After data format conversion (and in principle not only, we have been talking about a more electronics simulation), we obtain t1pss
which completely mimics tier1
, as @lmh91 said, indistinguishable from data to pygama. It contains groups raw
(identical to data), mctruth
and electruth
for DAQ and electronics parameters used in the simulaiton.
After this point, there is no more simulation to be done. t1pss
is fed to pygama, and the next tiers are obtained.
As for mcraw
, I agree that it can be confused with raw
in data, i.e. a complete tier1
, while in our notation it stands for raw MC events. I agree that we should change this name, we will think about alternatives.
Lukas (@lmh91) -- yes, I would be fine with dropping "mc" from all the names, as long as its clear elsewhere in a file key / path that the file contains mc, not data. And yes, you are correct, I had missed that in general there is no 1-to-1 mapping between pss and raw. I think putting pss_event_id in the raw file is a good suggestion that should be easy to implement. As for how event building will be handled in general -- for tiers prior to "evt" we will have a "time coincidence map" (tcm) that basically keeps lists of row numbers that correspond to raw/dsp/hit data from the same event. For the evt tier the data will already appear in a built structure that can be joined with the tcm for linking to the previous-tier data. I hope to have a prototype of the tcm ready soon so that people can see better how it will work.

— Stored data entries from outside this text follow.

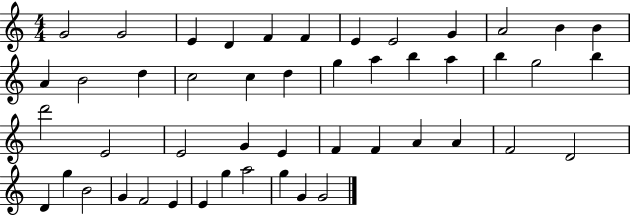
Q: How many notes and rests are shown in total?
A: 48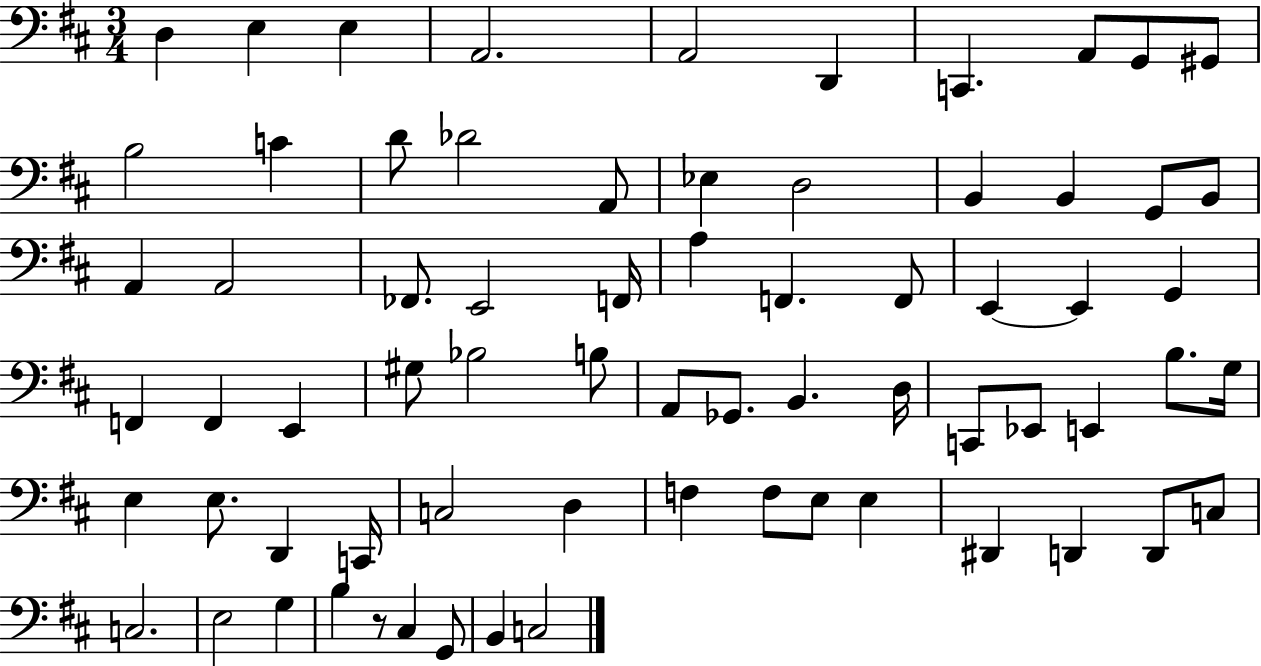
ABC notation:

X:1
T:Untitled
M:3/4
L:1/4
K:D
D, E, E, A,,2 A,,2 D,, C,, A,,/2 G,,/2 ^G,,/2 B,2 C D/2 _D2 A,,/2 _E, D,2 B,, B,, G,,/2 B,,/2 A,, A,,2 _F,,/2 E,,2 F,,/4 A, F,, F,,/2 E,, E,, G,, F,, F,, E,, ^G,/2 _B,2 B,/2 A,,/2 _G,,/2 B,, D,/4 C,,/2 _E,,/2 E,, B,/2 G,/4 E, E,/2 D,, C,,/4 C,2 D, F, F,/2 E,/2 E, ^D,, D,, D,,/2 C,/2 C,2 E,2 G, B, z/2 ^C, G,,/2 B,, C,2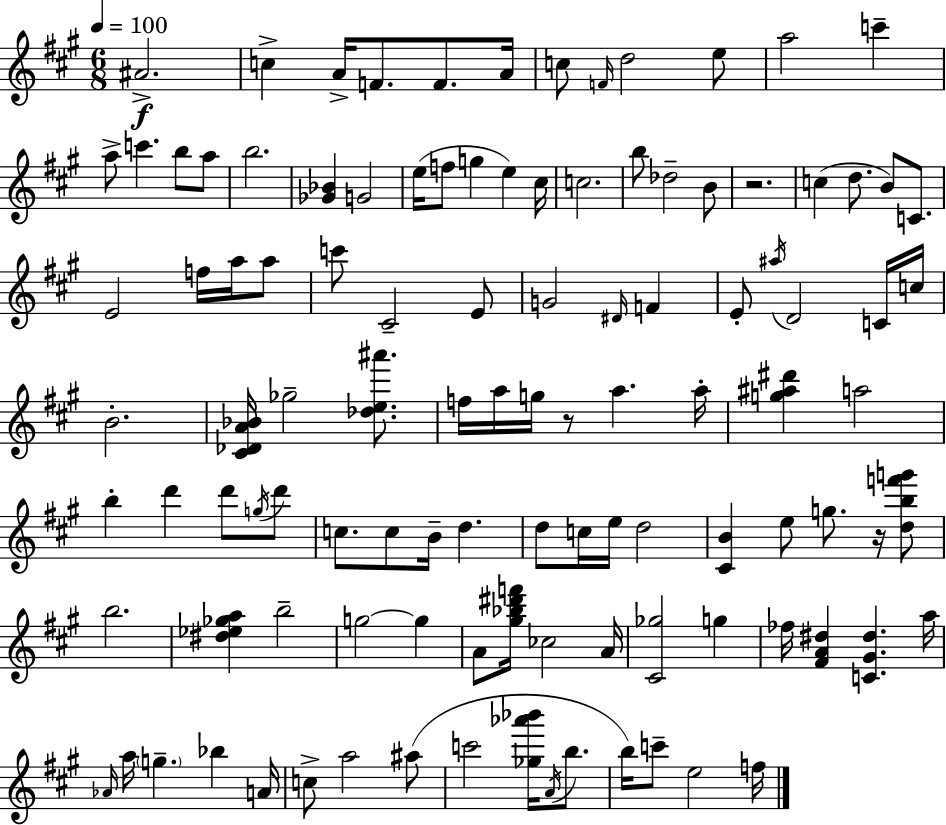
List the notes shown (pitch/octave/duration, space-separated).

A#4/h. C5/q A4/s F4/e. F4/e. A4/s C5/e F4/s D5/h E5/e A5/h C6/q A5/e C6/q. B5/e A5/e B5/h. [Gb4,Bb4]/q G4/h E5/s F5/e G5/q E5/q C#5/s C5/h. B5/e Db5/h B4/e R/h. C5/q D5/e. B4/e C4/e. E4/h F5/s A5/s A5/e C6/e C#4/h E4/e G4/h D#4/s F4/q E4/e A#5/s D4/h C4/s C5/s B4/h. [C#4,Db4,A4,Bb4]/s Gb5/h [Db5,E5,A#6]/e. F5/s A5/s G5/s R/e A5/q. A5/s [G5,A#5,D#6]/q A5/h B5/q D6/q D6/e G5/s D6/e C5/e. C5/e B4/s D5/q. D5/e C5/s E5/s D5/h [C#4,B4]/q E5/e G5/e. R/s [D5,B5,F6,G6]/e B5/h. [D#5,Eb5,Gb5,A5]/q B5/h G5/h G5/q A4/e [G#5,Bb5,D#6,F6]/s CES5/h A4/s [C#4,Gb5]/h G5/q FES5/s [F#4,A4,D#5]/q [C4,G#4,D#5]/q. A5/s Ab4/s A5/s G5/q. Bb5/q A4/s C5/e A5/h A#5/e C6/h [Gb5,Ab6,Bb6]/s A4/s B5/e. B5/s C6/e E5/h F5/s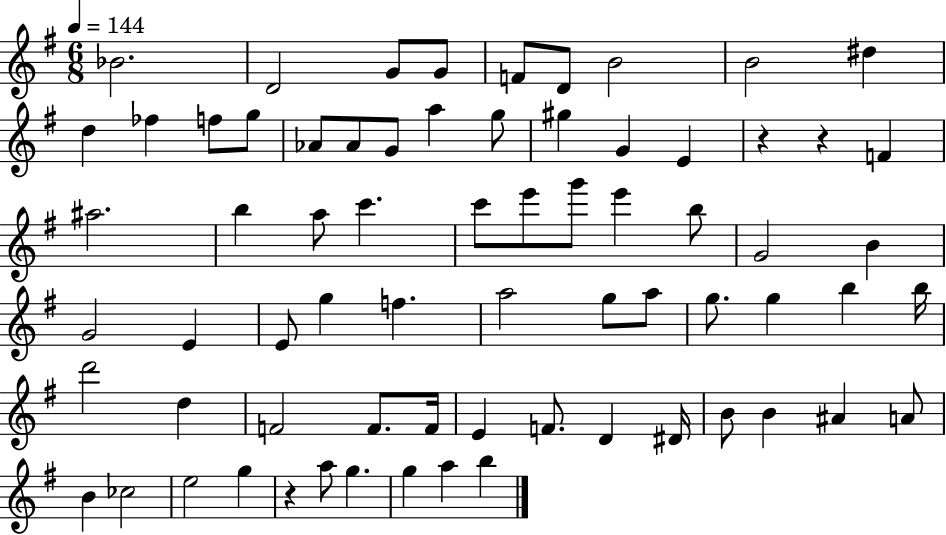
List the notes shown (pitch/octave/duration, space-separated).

Bb4/h. D4/h G4/e G4/e F4/e D4/e B4/h B4/h D#5/q D5/q FES5/q F5/e G5/e Ab4/e Ab4/e G4/e A5/q G5/e G#5/q G4/q E4/q R/q R/q F4/q A#5/h. B5/q A5/e C6/q. C6/e E6/e G6/e E6/q B5/e G4/h B4/q G4/h E4/q E4/e G5/q F5/q. A5/h G5/e A5/e G5/e. G5/q B5/q B5/s D6/h D5/q F4/h F4/e. F4/s E4/q F4/e. D4/q D#4/s B4/e B4/q A#4/q A4/e B4/q CES5/h E5/h G5/q R/q A5/e G5/q. G5/q A5/q B5/q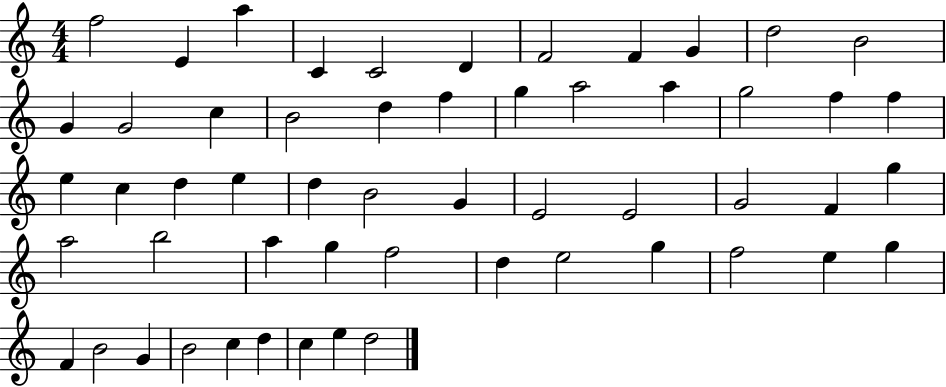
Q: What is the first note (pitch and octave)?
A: F5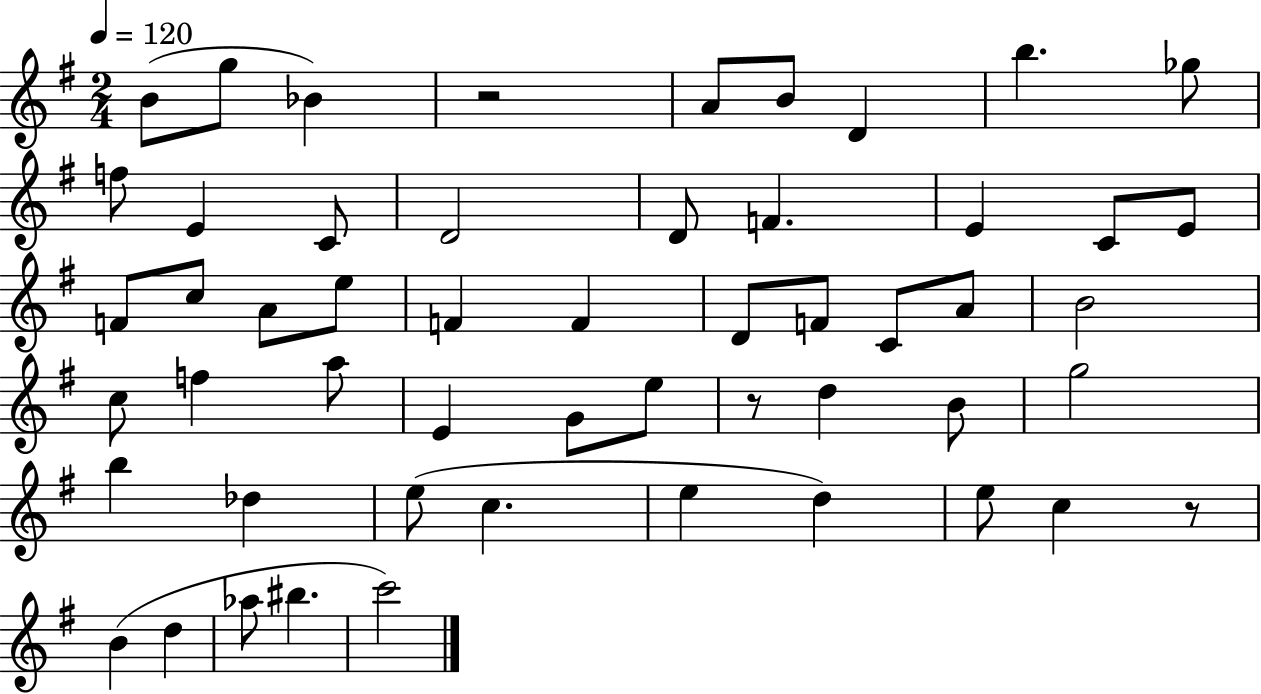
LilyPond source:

{
  \clef treble
  \numericTimeSignature
  \time 2/4
  \key g \major
  \tempo 4 = 120
  b'8( g''8 bes'4) | r2 | a'8 b'8 d'4 | b''4. ges''8 | \break f''8 e'4 c'8 | d'2 | d'8 f'4. | e'4 c'8 e'8 | \break f'8 c''8 a'8 e''8 | f'4 f'4 | d'8 f'8 c'8 a'8 | b'2 | \break c''8 f''4 a''8 | e'4 g'8 e''8 | r8 d''4 b'8 | g''2 | \break b''4 des''4 | e''8( c''4. | e''4 d''4) | e''8 c''4 r8 | \break b'4( d''4 | aes''8 bis''4. | c'''2) | \bar "|."
}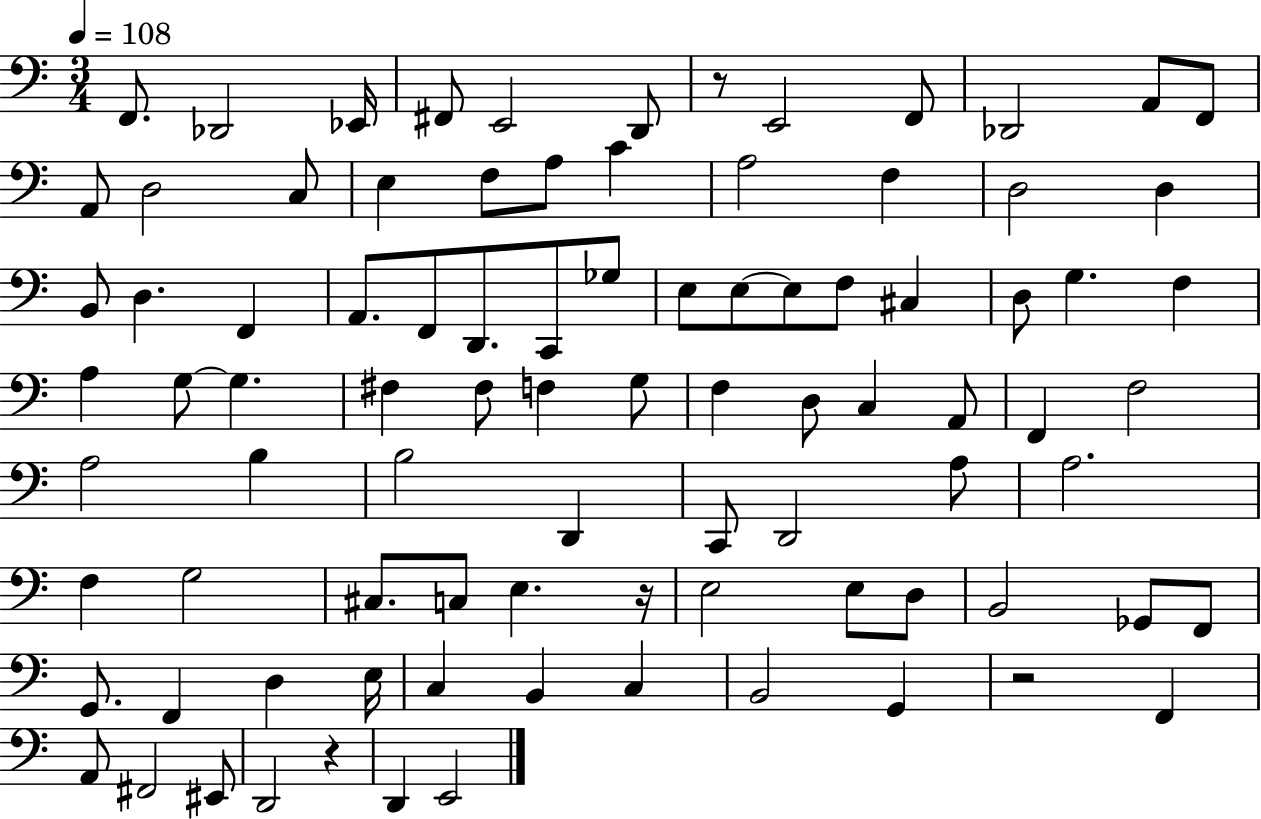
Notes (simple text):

F2/e. Db2/h Eb2/s F#2/e E2/h D2/e R/e E2/h F2/e Db2/h A2/e F2/e A2/e D3/h C3/e E3/q F3/e A3/e C4/q A3/h F3/q D3/h D3/q B2/e D3/q. F2/q A2/e. F2/e D2/e. C2/e Gb3/e E3/e E3/e E3/e F3/e C#3/q D3/e G3/q. F3/q A3/q G3/e G3/q. F#3/q F#3/e F3/q G3/e F3/q D3/e C3/q A2/e F2/q F3/h A3/h B3/q B3/h D2/q C2/e D2/h A3/e A3/h. F3/q G3/h C#3/e. C3/e E3/q. R/s E3/h E3/e D3/e B2/h Gb2/e F2/e G2/e. F2/q D3/q E3/s C3/q B2/q C3/q B2/h G2/q R/h F2/q A2/e F#2/h EIS2/e D2/h R/q D2/q E2/h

Mariia (@sagitta42) -- I'm confused by your statement "We were told to choose the same length for parsing reasons, corresponding to the 5-letter names 'tier1', 'tier2' and so on." We do not use the names "tier1", "tier2" etc in LEGEND. We use the 3-letter names daq, raw, dsp, hit, and evt. See the Data Handling doc I linked in my last post or my Analysis Overview talk at the last CM for details.
I'm curious what data will be in the mctruth and electruth tables. We had envisioned having only one major group per file but I'm not opposed to adding more tables for mc. However I would have thought that parameters used in simulations should be in the simulation code / config files or in the database, and one wouldn't need to write them out repeatedly for each row in the output simulation. Maybe I misunderstood the proposal. In my mind the data in the stp and pss tiers -is- the mc truth.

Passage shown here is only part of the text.